Honogurai Mizu no Soko Kara sera plus connu sous son alias occidental Dark Water et, non, il ne s'agit pas d'une adaptation du jeu de Sunsoft sorti il y a des années sur MegaDrive. Toujours est-il que le film, réalisé par Nakata Hideo depuis la nouvelle de Suzuki Kôji, comme il l'avait fait pour l'excellent et reconnu Ring, entreprend clairement de nous conduire pendant ses deux petites heures au sein du cauchemar et de la descente aux enfers de sa pourtant charmante héroïne.

Sur une base pas si éloignée du scénario de Ring, Dark Water met en place une histoire de fantôme, de malédiction, d'appartement hanté, et surtout d'eaux. En effet, l'eau fait incontestablement partie du casting principal dans cette fable intimiste de deux, trois décors pour une demi-douzaine de personnages à peine. Cette tension palpable est renforcée par l'absence d'échappatoire ; il faudra ainsi emménager avec Yoshimi (Kuroki Hitomi) dans son nouvel appartement insalubre, constater avec elle l'agrandissement de la tâche d'eau qui coule de son plafond, se méfier de plus en plus des bruits de pas d'enfant qui proviennent de l'étage au-dessus, pourtant abandonné depuis que la fillette a disparu deux ans auparavant et que ses parents ont déménagé.

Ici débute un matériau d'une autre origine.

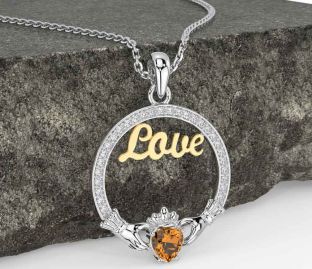 Diamond Citrine Gold Silver Claddagh Love Necklace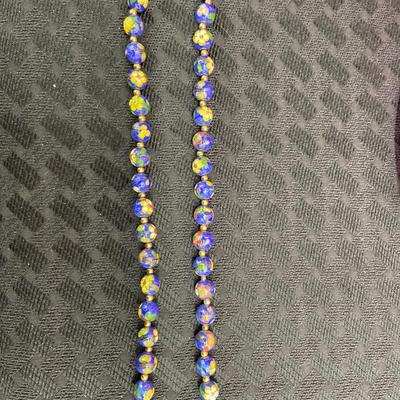 Vintage Chinese Blue CloisonnÃ© Floral Enamel Beaded Necklace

L'on suit donc l'aventure et l'enquête avec Yoshimi, prise dans sa tourmente et, peut-être, ses hallucinations. Le plus impressionnant étant que Dark Water ne fait pas vraiment peur ; il prend aux tripes en faisant monter le suspense très graduellement, ne nous prévient pas musicalement, au contre-pied de ce que nous a appris notre éducation filmique occidentale. Et pourtant, malgré la compréhension limpide lorsque l'on suit Yoshimi, si le scénario est plus qu'explicite, il nous faut voir, il nous faut constater, il nous faut vivre ce que vit la protagoniste et opérer sa catharsis avec elle, accepter le déroulement et peut-être surtout son dénouement dramatiquement romantique.

Dark Water a cette force de scénario, de script et de mise en scène ; il y a du génie dans le maniement du spectateur et sa compréhension ; et probablement surtout il donne une leçon de paillettes à beaucoup (trop ?) de films qui en font des tonnes pour nous capter, alors qu'avec deux fois rien Dark Water, lui, nous captive.

Un chef-d’œuvre de l'angoisse, incontestablement.